>>>>

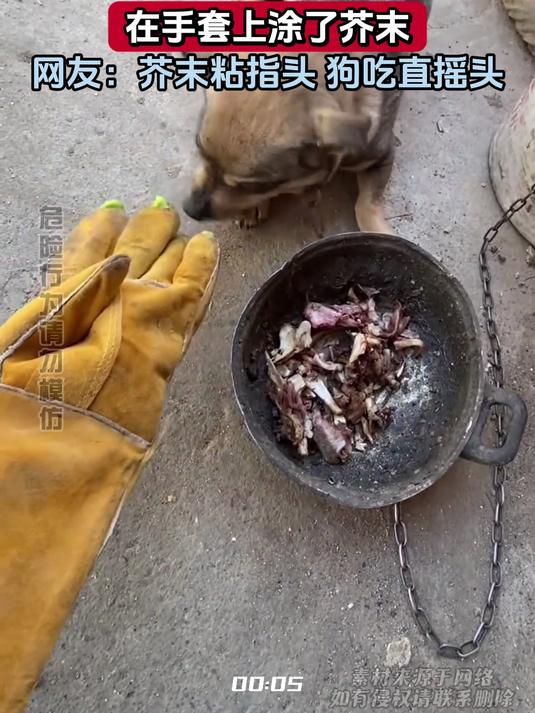 女子为了改掉狗狗护食的毛病,在手套上涂了芥末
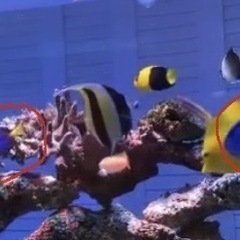 ※残り1匹　海水魚　ナンヨウハギ　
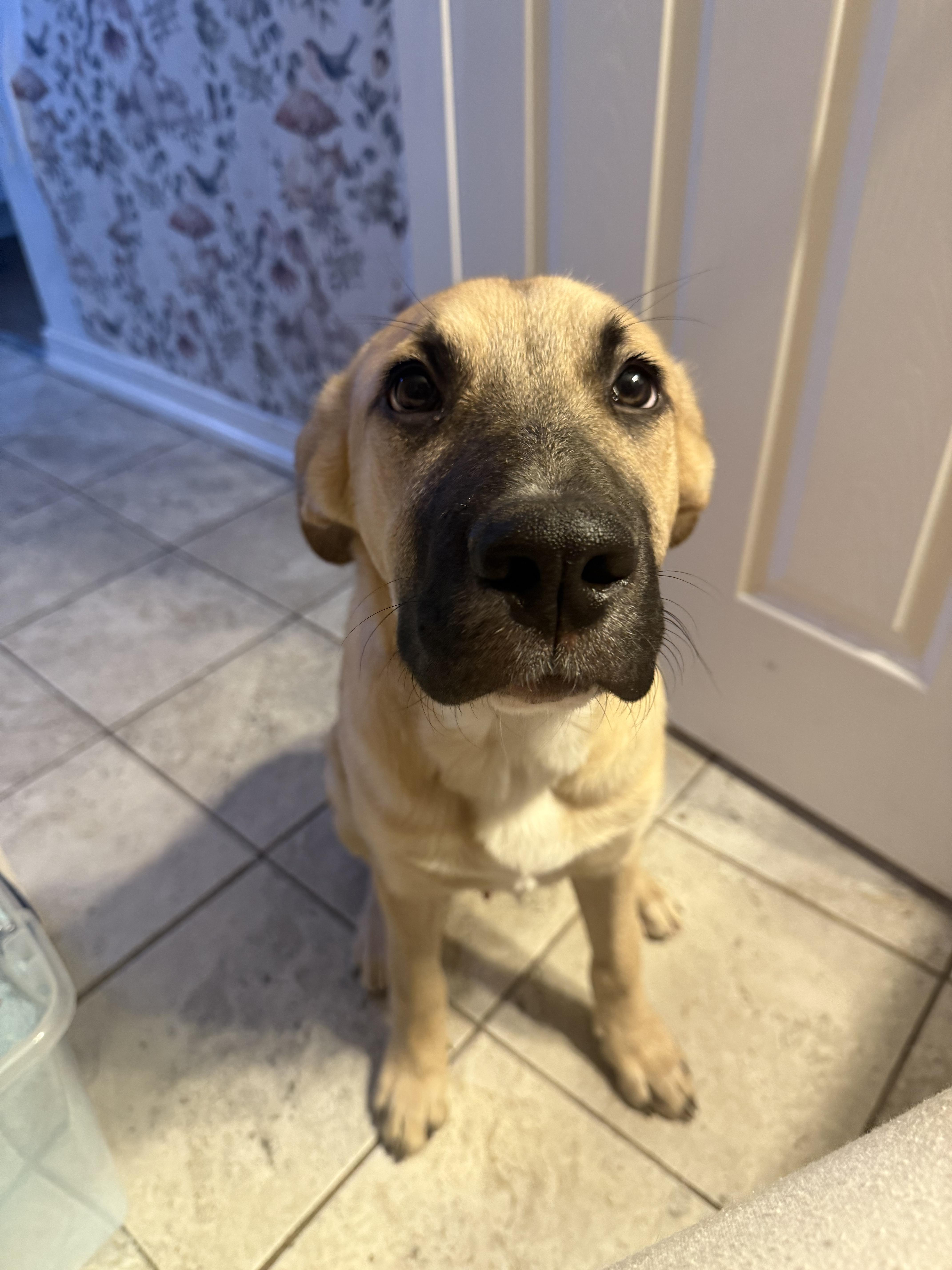 Benny, an adopted German Shepherd Dog in Halethorpe, MD image 2/2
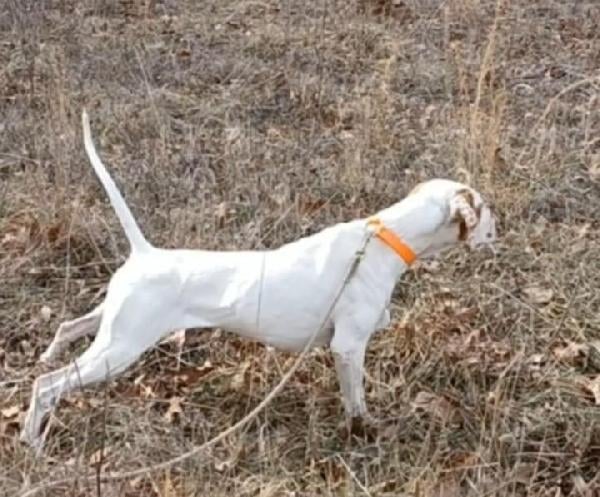 English Pointer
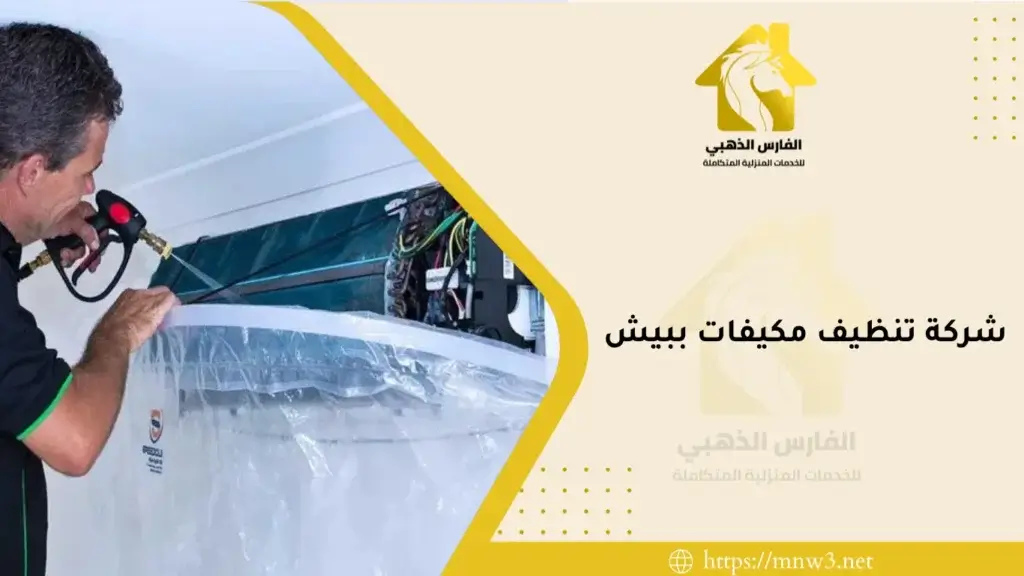 شركة تنظيف مكيفات ببيش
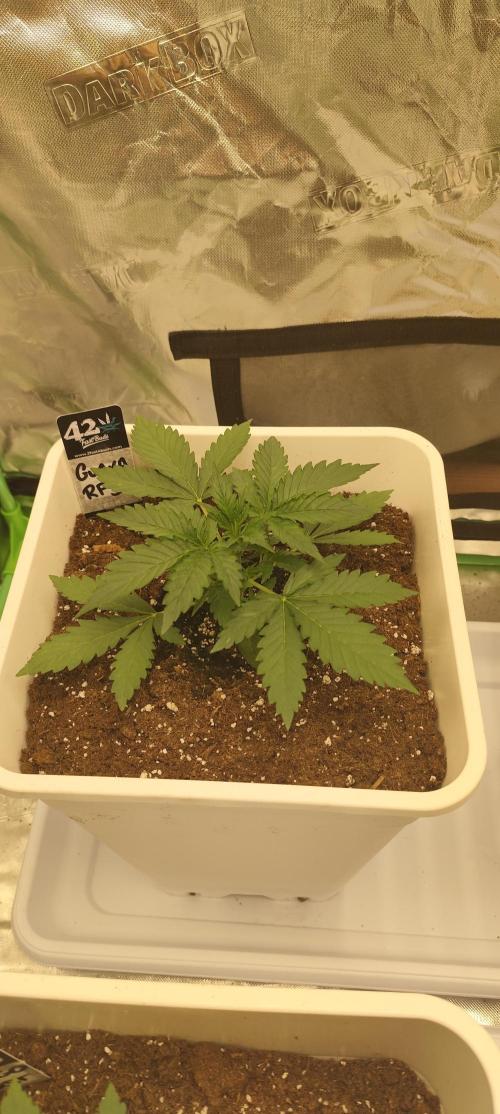 Guava Run. Week 2 - Guava rf3
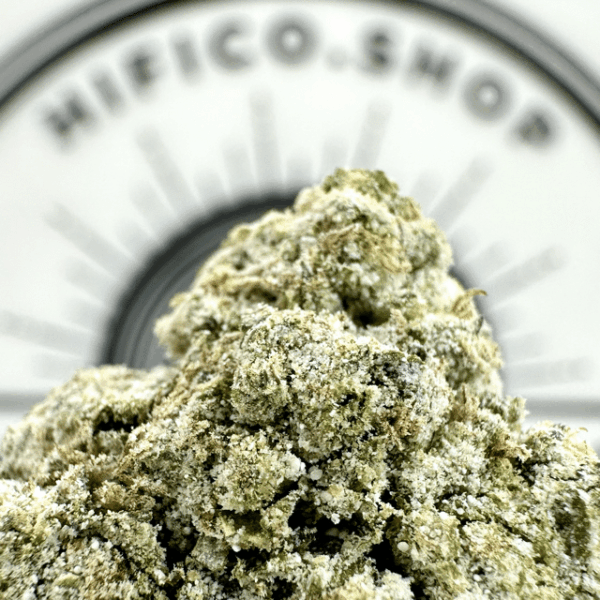 "Gelatti" Lo.Fi.Co THCa Flower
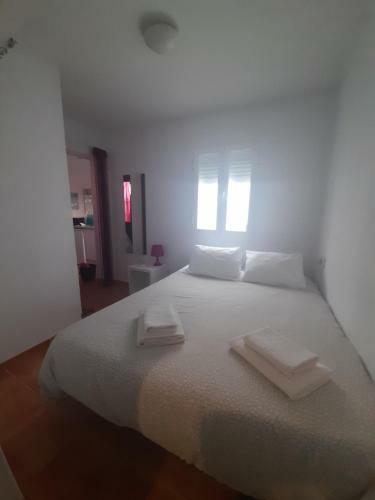 Apartamento Atico Con Terraza Privada En Centro Hist�rico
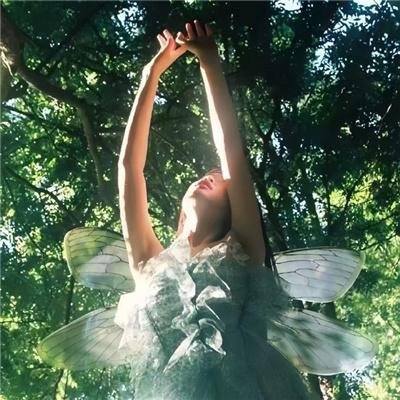 焚尽旧梦燃星火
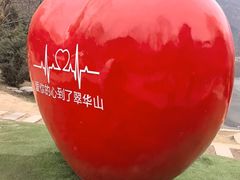-秦岭终南山世界地质公园翠华山景区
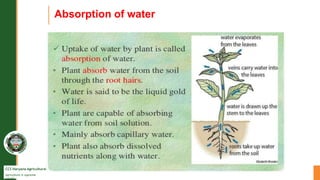 CCS Haryana Agricultural University
Agriculture is supreme
wealth
Absorption of water
 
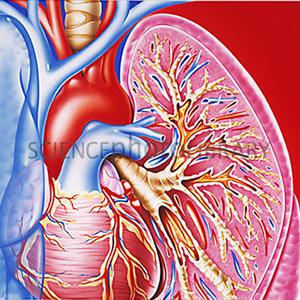  Bronchitis Throughout Pregnancy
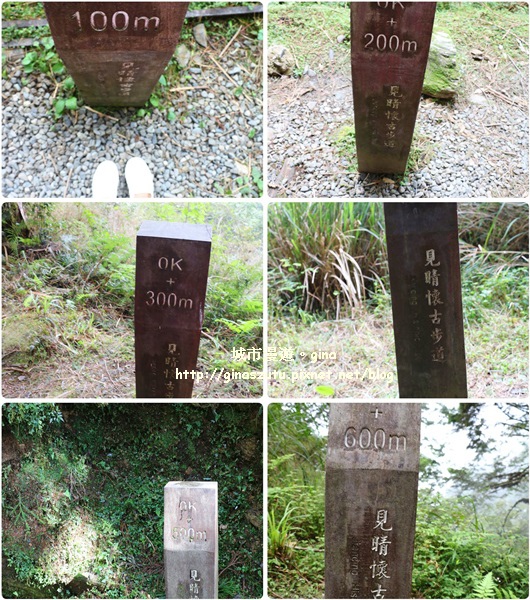 IMG_9974-tile.jpg IMG_9974-tile.jpg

<<<<

The task:
Where the material contains pictures, leave them out and copy the rest verbatim.

Result of this task:
 女子为了改掉狗狗护食的毛病,在手套上涂了芥末
 ※残り1匹　海水魚　ナンヨウハギ　
 Benny, an adopted German Shepherd Dog in Halethorpe, MD image 2/2
 English Pointer
 شركة تنظيف مكيفات ببيش
 Guava Run. Week 2 - Guava rf3
 "Gelatti" Lo.Fi.Co THCa Flower
 Apartamento Atico Con Terraza Privada En Centro Hist�rico
 焚尽旧梦燃星火
-秦岭终南山世界地质公园翠华山景区
 CCS Haryana Agricultural University
Agriculture is supreme
wealth
Absorption of water
 
  Bronchitis Throughout Pregnancy
 IMG_9974-tile.jpg IMG_9974-tile.jpg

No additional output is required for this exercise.